NIRSPEC Reliability Improvement Progress report: 4
Feb 2004
Overview:
A month ago the project was asked to make significant progress on three
tasks. The tasks and their status are:
Fast/smart recovery script is finished.
Characterization of the communications chain is nearly complete (about
2 more days work remaining)
The engineering night on January 27 was very successful.
The new server and rotator codes appear to work well in stationary mode.
The problems encountered with PA mode are understood and should be fixed
soon.
We have added a new task to examine NIRSPEC power supplies.
Three tasks (upgrading host, correlation research, crash free periods)
have moved further into the background.
Ia. Speeding recovery from server crashes:
This task is now complete. The fast/smart recovery script was
released in time for the late January NIRSPEC run and seems to be working
well. Depending on the nature of the server crash,
recovery should now be possible in 5 to 15 minutes. Just
as importantly, the script requires almost no decisions by the observer
and intitial reactions have been very positive. The failure
to accomplish swift recovery from two crashes on the night of February
1, was unrelated to the script itself. A link to a library
file necessary for operation of the iBoots was incorrect but has now been
fixed.
IIa. Upgrade instrument host:
This task has moved further into the background. Any
work that does take place in the coming months will consist of replacing
explicit references to waimea in high level scripts with a variable host
name followed by testing to confirm functionality.

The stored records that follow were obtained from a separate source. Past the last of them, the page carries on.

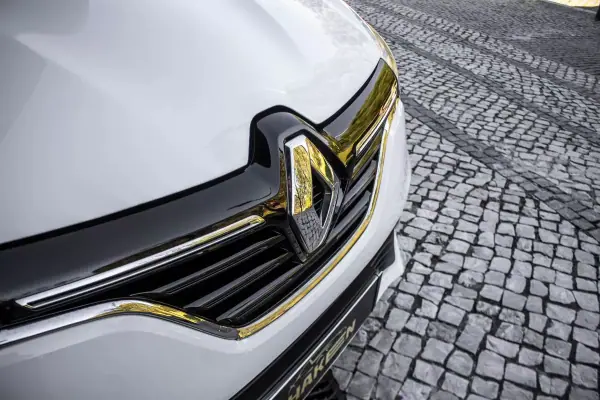 Renault Mégane 2019 - 9870 EUR, 301536 km - AUTO.MOTO.pt - 301536km - foto 9 de 38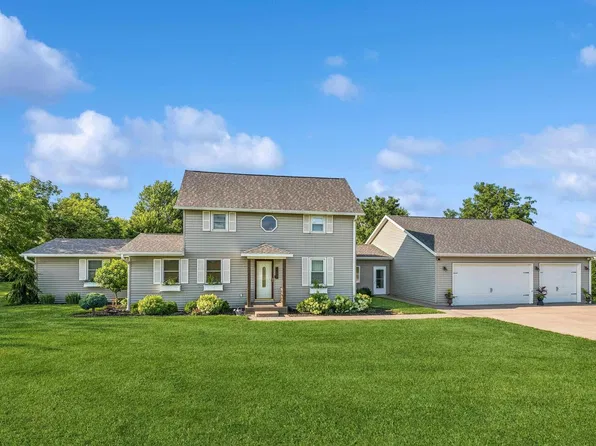 4560 170th St, Clinton, IA 52732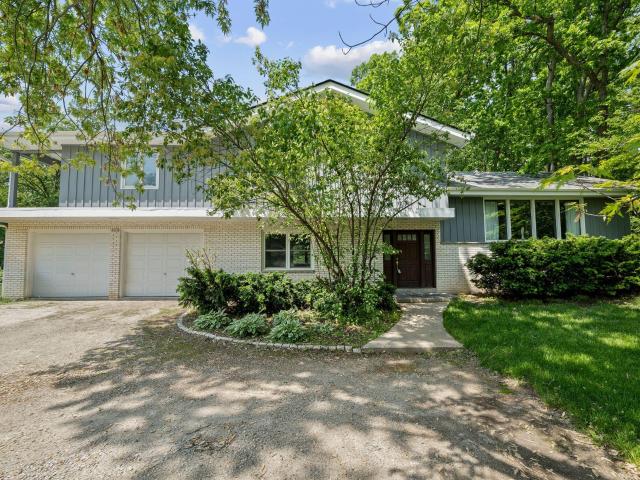 House for sale in Wauwatosa House for sale in Wauwatosa
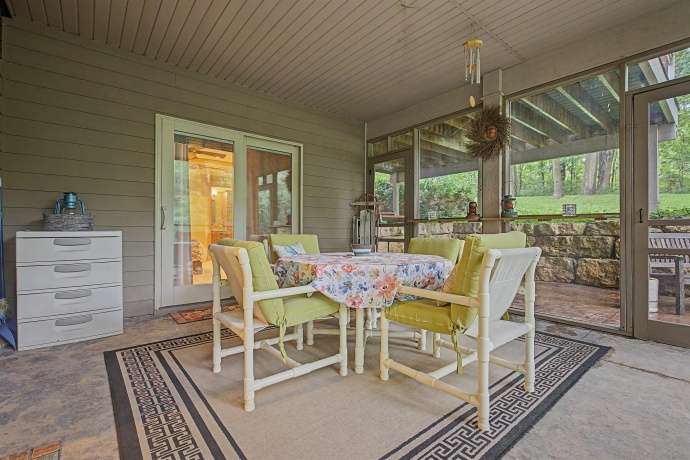 2 Dogwood, GALENA, Illinois 61036, 4 Bedrooms Bedrooms, ,3 BathroomsBathrooms,House,For Sale,Dogwood,202603588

IIb. Correlation research:
This task continues as a pure background task. Recent
crashes have reinforced our suspicion that a significant fraction of server
crashes occur during times of high rotator demand.
In addition, our interest is piqued by the correlation between power glitches
and server crashes.
IIc. Crash free periods:
Despite our continued search, no further NIRSPEC hardware or software changes
have been found which coincide with the rapid increase in the rate of server
crashes last spring. Our interest in NIRSPEC's
susceptibility to power glitches has led us to note however that the current
Keck II instrument UPS was brought into service around the same time.
IId. Characterize communications chain:
Delivery of the fiber attenuator and SCSI analyser near the end of December
allowed work to begin during this report period. Work was hampered
somewhat by weather and unrelated fiber work, but despite this the task
is now nearly complete.
The transmit fiber appears to be tolerant of the addition of 4-5 dB of
extra attentuation.
The receive fiber is somewhat more sensitive but still has 3-4 dB of headroom.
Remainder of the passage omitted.